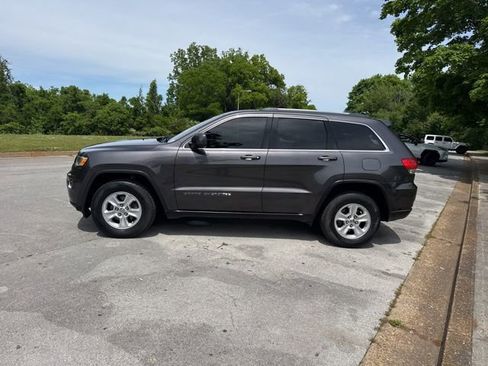 Used 2017 Jeep Grand Cherokee Laredo w/ Quick Order Package 23E AWD/4WD image 4
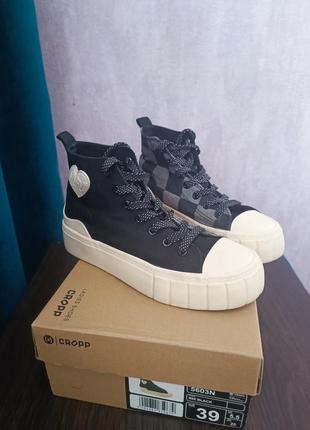 Стильные кеды cropp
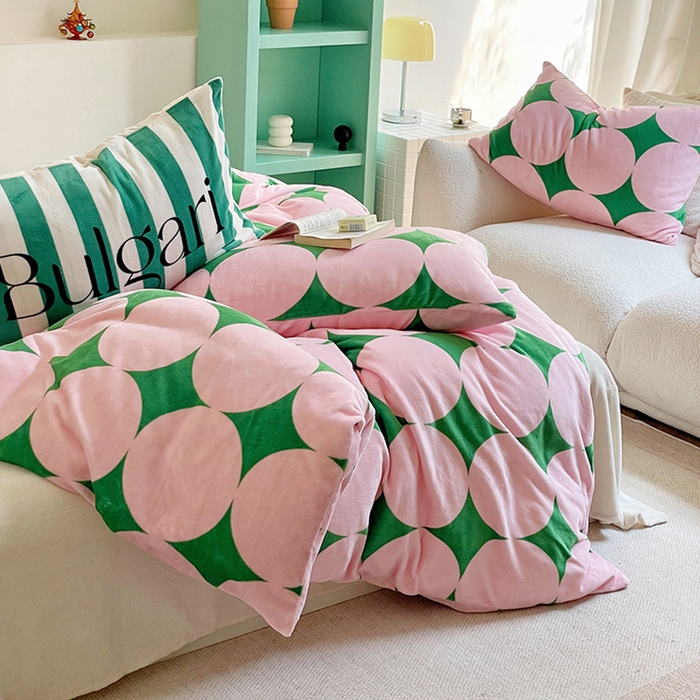 91家纺网 家纺一手货源 找家纺 圆岛家纺 2023新款原创牛奶绒印花保暖四件套 菱星粉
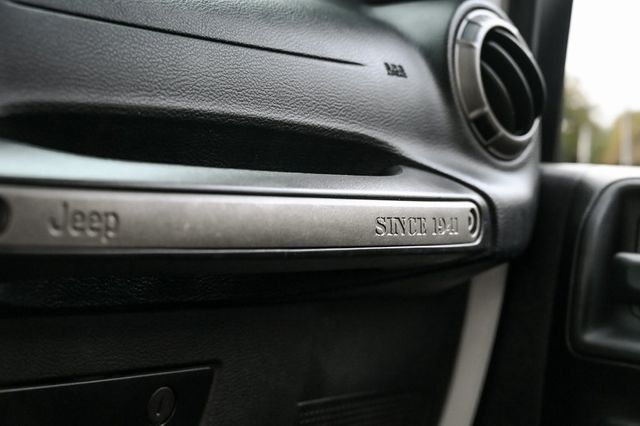 2016 Jeep Wrangler Willys Wheeler 3 Pc Hard Top Alpine Premium W/Sub 2016 Jeep Wrangler Willys Wheeler 3 Pc Hard Top Alpine Premium W/Sub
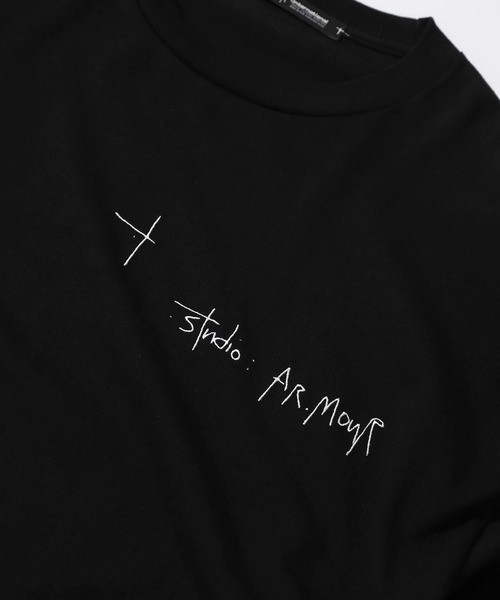 STUDIOUS(ステュディオス)の「【studio:AR.MouR】Embroidery logo tee(Tシャツ/カットソー・メンズ・ブラック/ホワイト・LL/LARGE/MEDIUM/SMALL)」の4枚目の写真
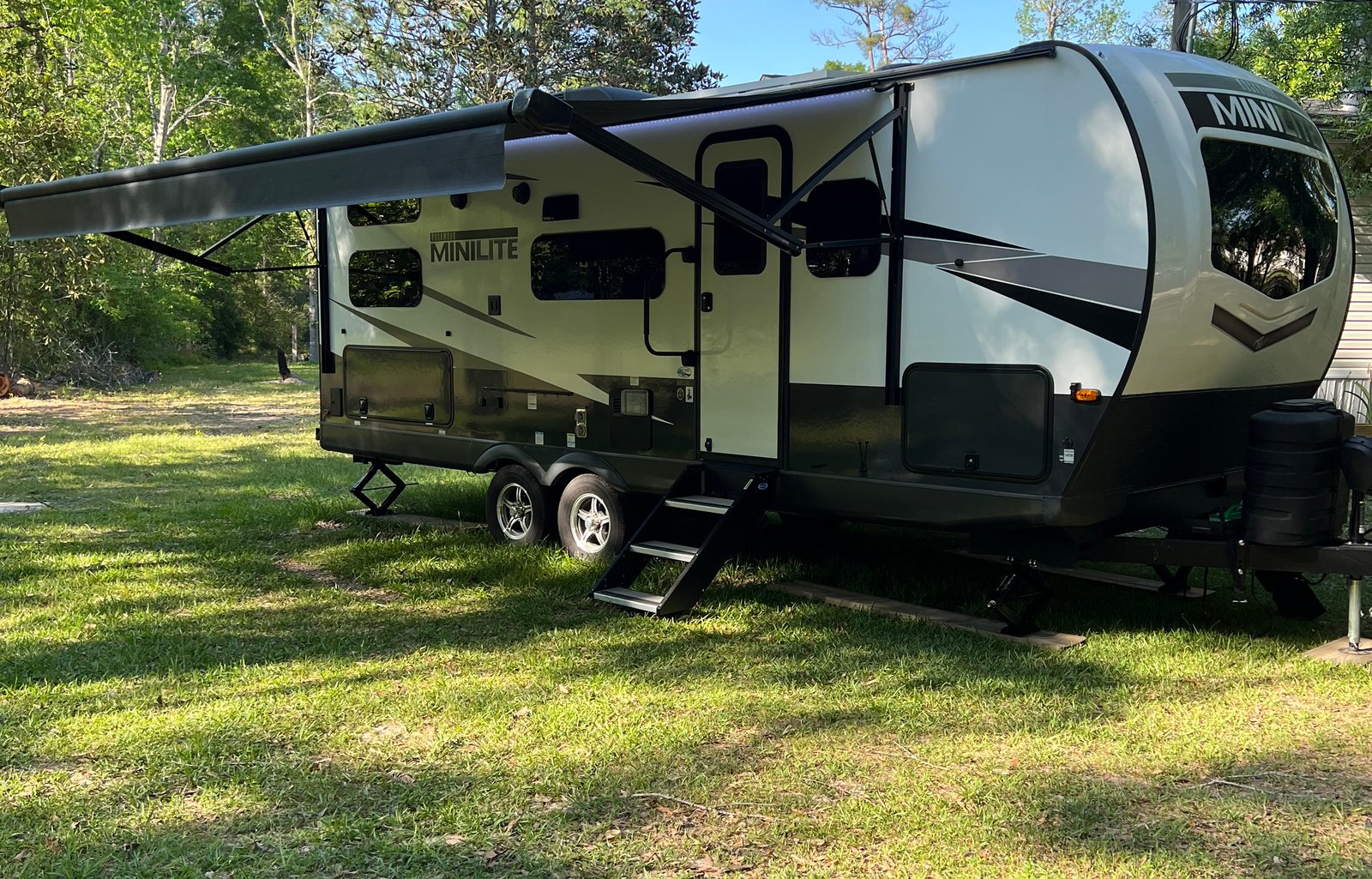 Bigfoot's Nicely Equipped Comfy Camper Rental!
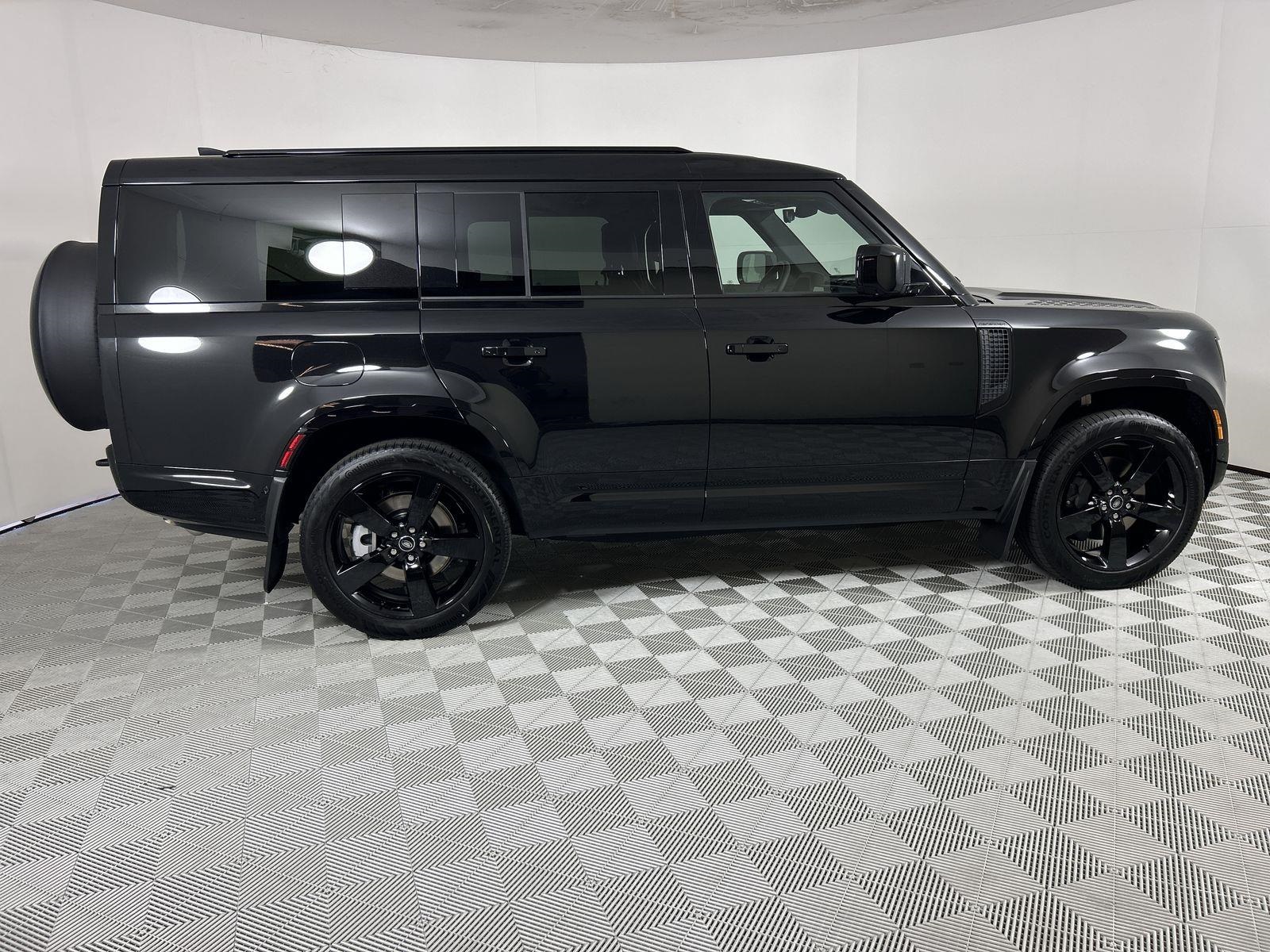2025 Land Rover Defender 130 X-Dynamic SE photo 6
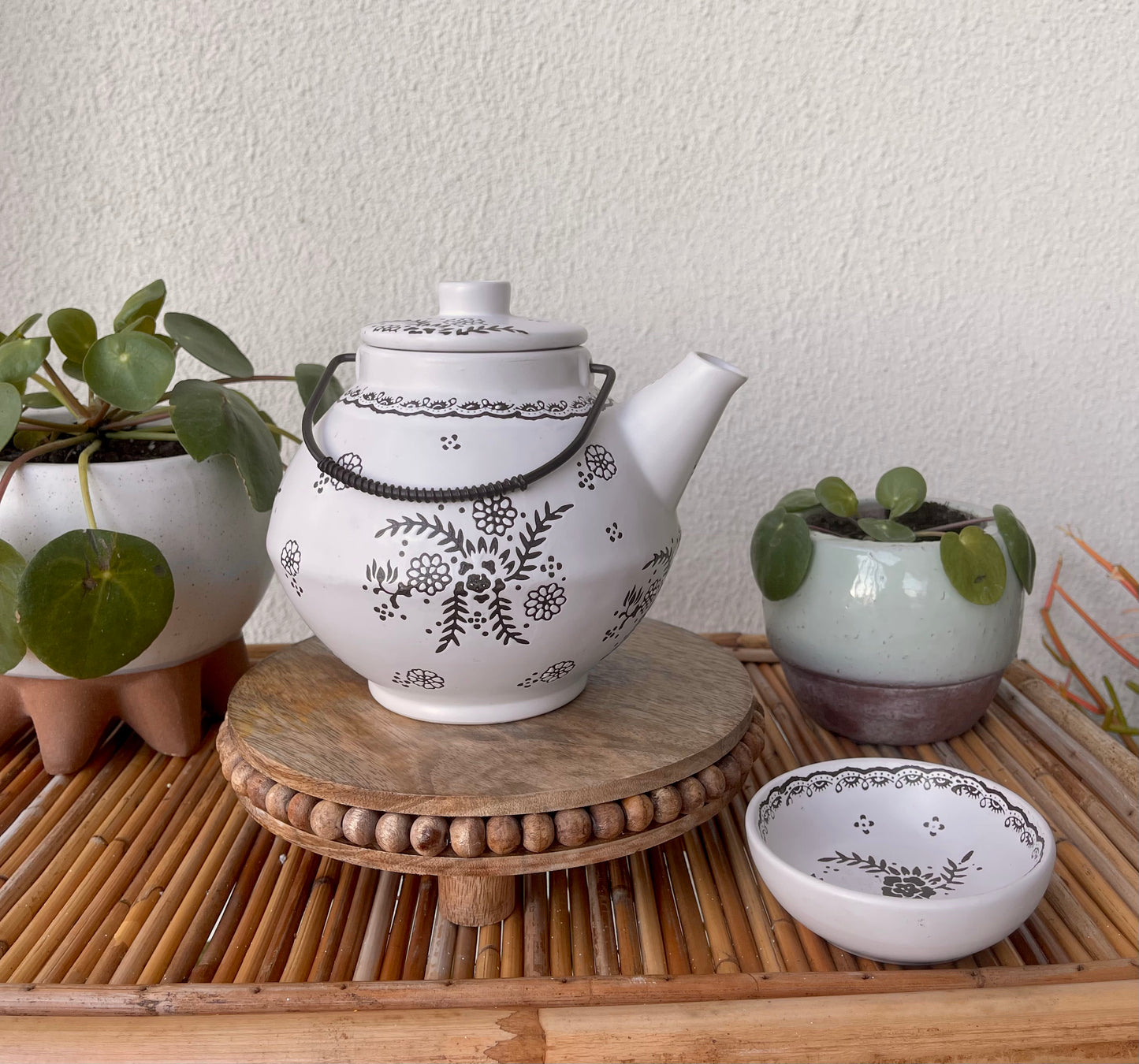 Vintage Black & White Teapot Set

*GOAL OF THE EXERCISE*
What should appear is an exact copy of the lines from the one containing "91家纺网 家纺一手货源 找家纺 圆岛家纺 2023新款原创牛奶绒印花保暖四件套 菱星粉" through the last line of the records above, pictures excluded.

*EXERCISE SOLUTION*
 91家纺网 家纺一手货源 找家纺 圆岛家纺 2023新款原创牛奶绒印花保暖四件套 菱星粉
 2016 Jeep Wrangler Willys Wheeler 3 Pc Hard Top Alpine Premium W/Sub 2016 Jeep Wrangler Willys Wheeler 3 Pc Hard Top Alpine Premium W/Sub
 STUDIOUS(ステュディオス)の「【studio:AR.MouR】Embroidery logo tee(Tシャツ/カットソー・メンズ・ブラック/ホワイト・LL/LARGE/MEDIUM/SMALL)」の4枚目の写真
 Bigfoot's Nicely Equipped Comfy Camper Rental!
2025 Land Rover Defender 130 X-Dynamic SE photo 6
 Vintage Black & White Teapot Set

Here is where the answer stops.